D'où venait que, même chancelant, le Zèbre conservait l'énergie de se jouer de la vie et de bousculer les étroits ? Il serait toujours un rebelle. Jamais il ne s'accommoderait de l'usure du temps. Il regardait chaque matin Camille comme si le soleil devait se lever pour la dernière fois sur leur couple ; à défaut de pouvoir reconstituer quotidiennement leur première rencontre, restait cette solution, renouvelable chaque jour, pour faire voyager leur amour dans le temps.

Alexandre Jardin, Le Zèbre


La Tulipe, héritier du Zèbre

De son exil londonien, la Tulipe envoya une seconde lettre à son père, pour lui dire que son sang ne s'était point attiédi en descendant jusqu'à lui. Dans son épître, il informait son père qu'il serait un jour le premier chef d'Etat de l'Europe des temps modernes, rien que ça.
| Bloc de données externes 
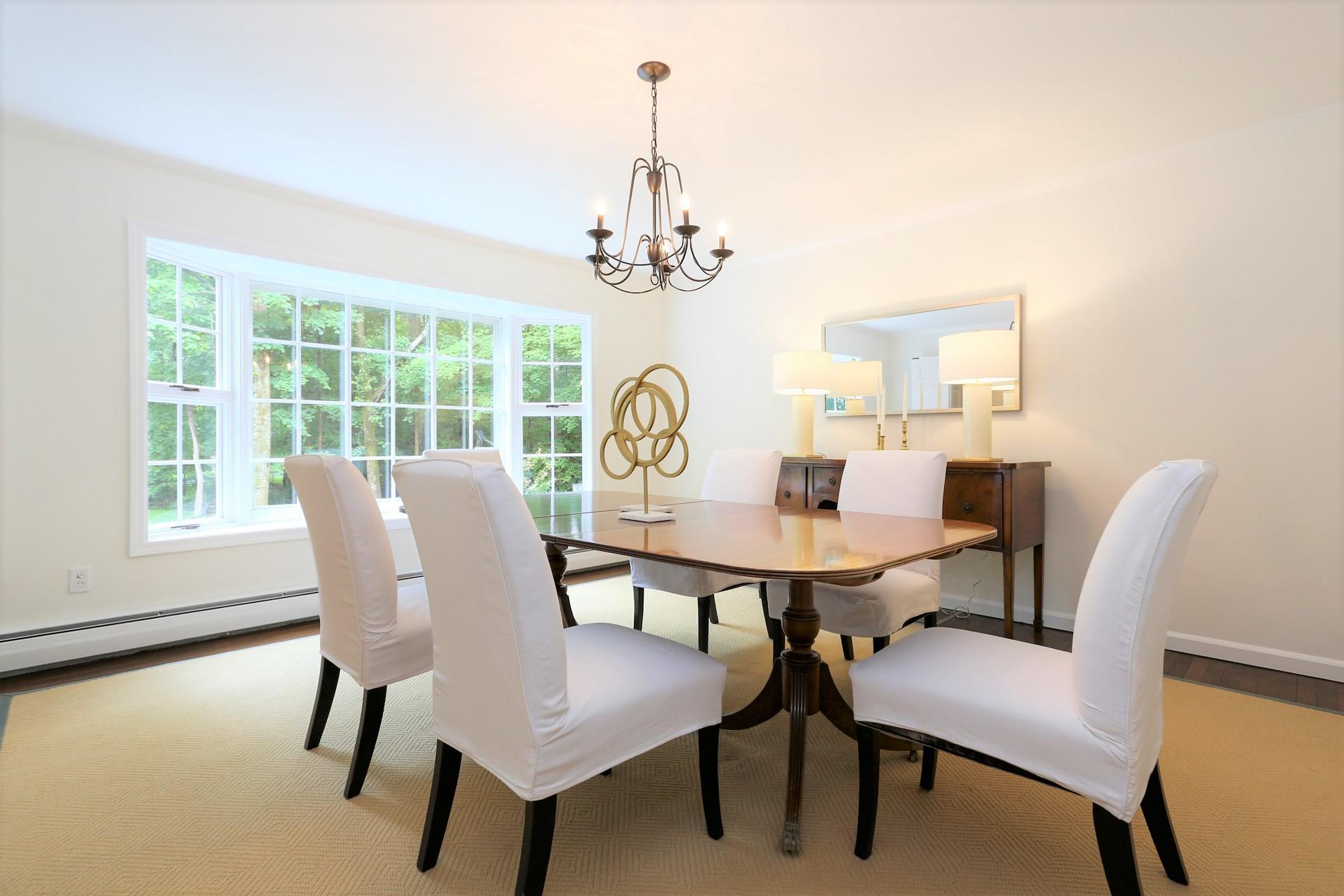 107 Inwood Road Darien, CT 06820 - Photo 8 of 40 a view of a dining room with furniture window and outside view
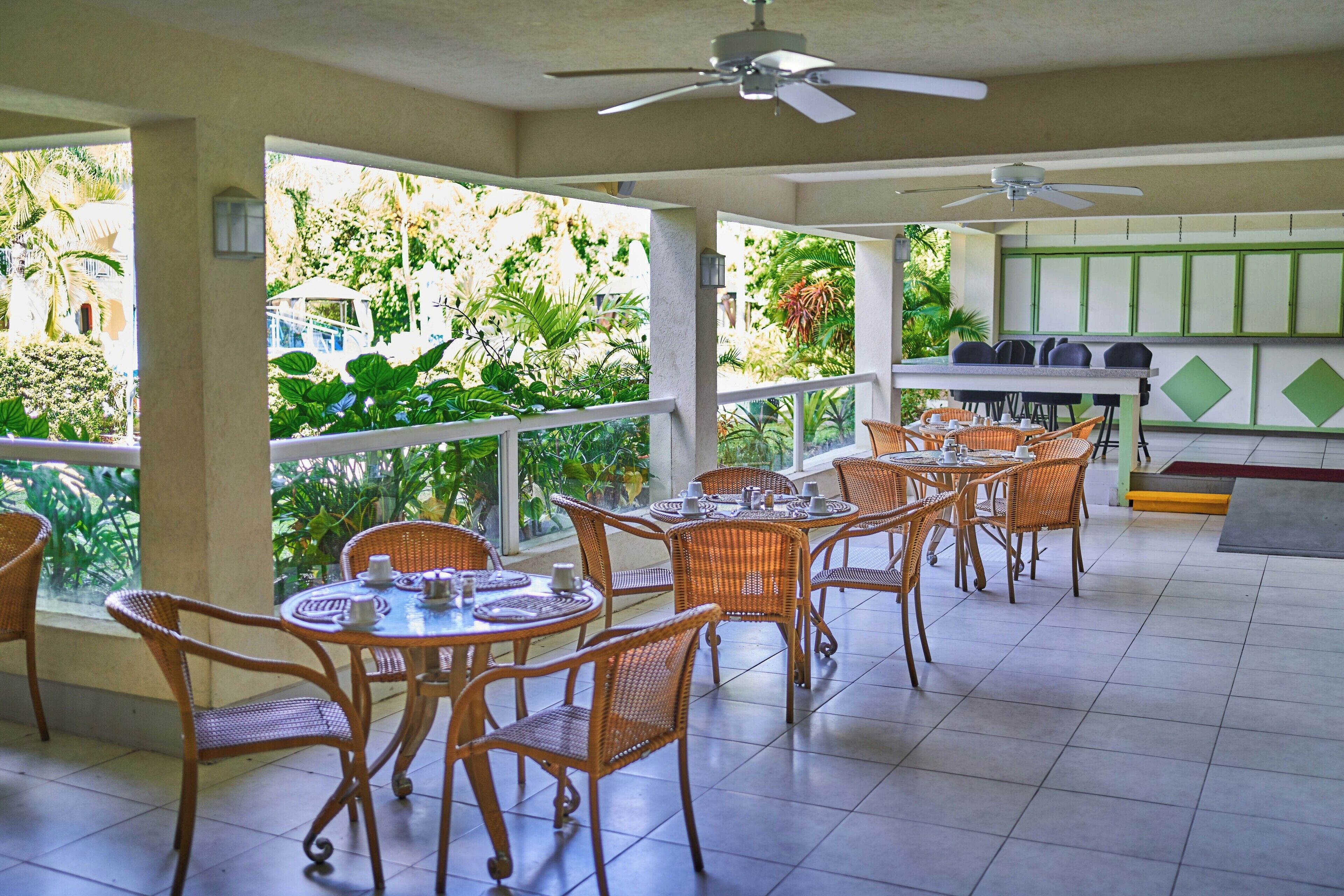 Un espacio de comedor al aire libre techado, con mobiliario de mimbre y vistas a exuberante vegetación.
La sincérité de son annonce venait de ce qu'il savait son père insensible à l'impossible. Il avait bien réfléchi : les métiers que lui avait proposés l'orientateur de son lycée lui paraissaient trop étriqués. Accéder à la profession de chef comptable le chagrinait. Il voulait « faire Empereur » et, puisque le trône d'Europe occidentale était délaissé, il ne voyait aucun inconvénient à ceindre la couronne de Charlemagne. Au bas de la lettre, Gaspard put lire : « Papa, je réussirai parce que je me sens ton fils. »
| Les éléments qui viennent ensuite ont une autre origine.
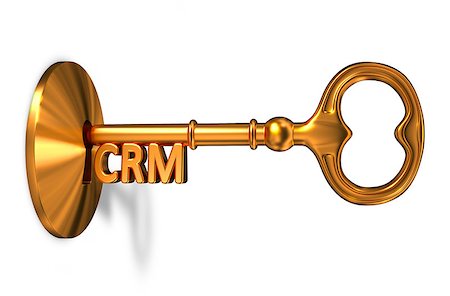simsearch:400-08283741,k - CRM - Customer Relationship Management - Golden Key is Inserted into the Keyhole Isolated on White Background Foto de stock - Super Valor sin royalties y Suscripción, Código: 400-08294256
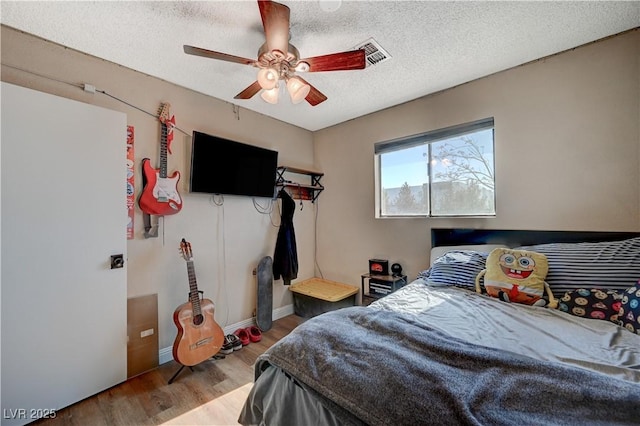 bedroom with ceiling fan, a textured ceiling, and light wood-type flooring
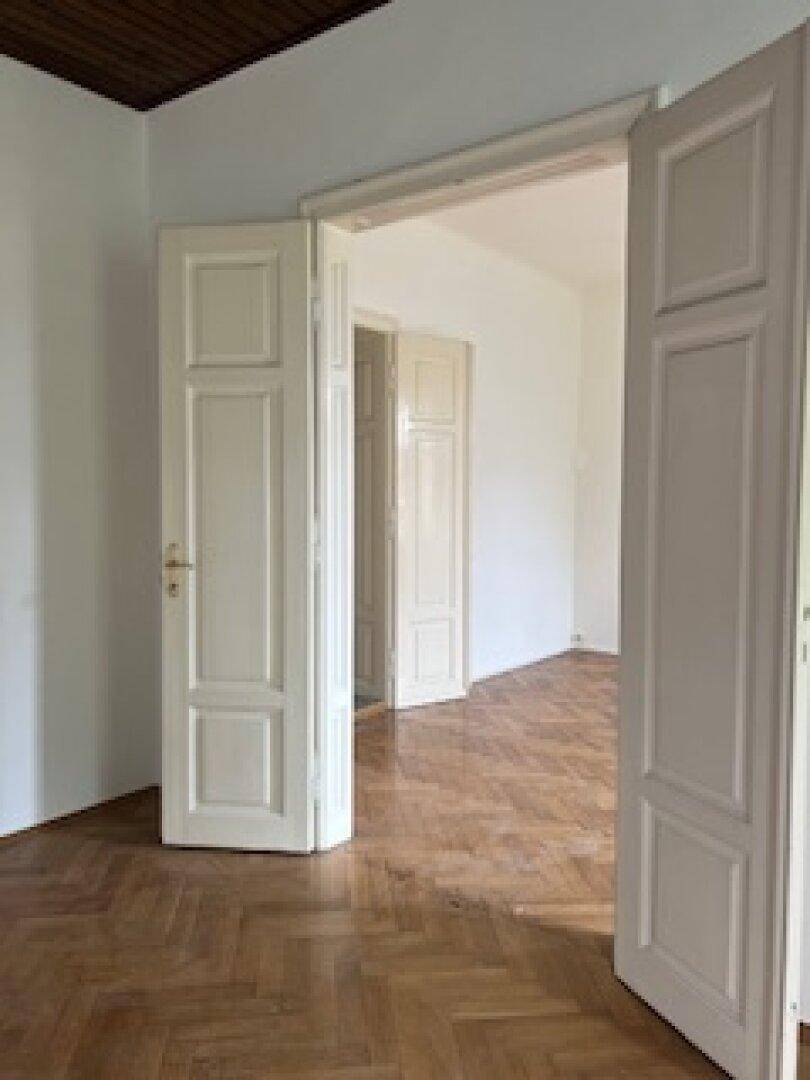 Detailansicht des Wohnzimmers mit Fischgrätparkett und klassischer Flügeltür.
Cette missive produisit sur le notaire un effet considérable; non que la perspective de voir la Tulipe présider aux destinées du continent lui fît plaisir. Il s'en moquait; d'autant qu'il ne serait plus de ce monde. Mais que son fiston se fût autorisé à franchir les bornes du raisonnable le plongeait dans une indicible félicité. La Tulipe ne serait pas de ceux qui renoncent. Du haut de ses quinze ans, il avait déjà la sagesse de prendre ses rêves au sérieux et de s'insurger contre ce que les lâches nomment « la réalité ». Sa vie serait faite de l'étoffe de ses désirs.
- J'ai un fils ! hurlait Gaspard à qui voulait l'entendre.
Par ce cri, le Zèbre disait son bonheur d'avoir un héritier spirituel. Lui aussi s'était efforcé, tout au long de son existence, de désobéir à la force des choses; quel qu'en fut le prix à payer. Son refus du déclin de sa passion conjugale et son cancer l'attestaient. Il était fier d'avoir transmis l'essentiel à un rejeton. Peu importait, à la limite, qu'il fût porteur de ses gènes. Il laisserait derrière lui un frère d'esprit, presque un disciple.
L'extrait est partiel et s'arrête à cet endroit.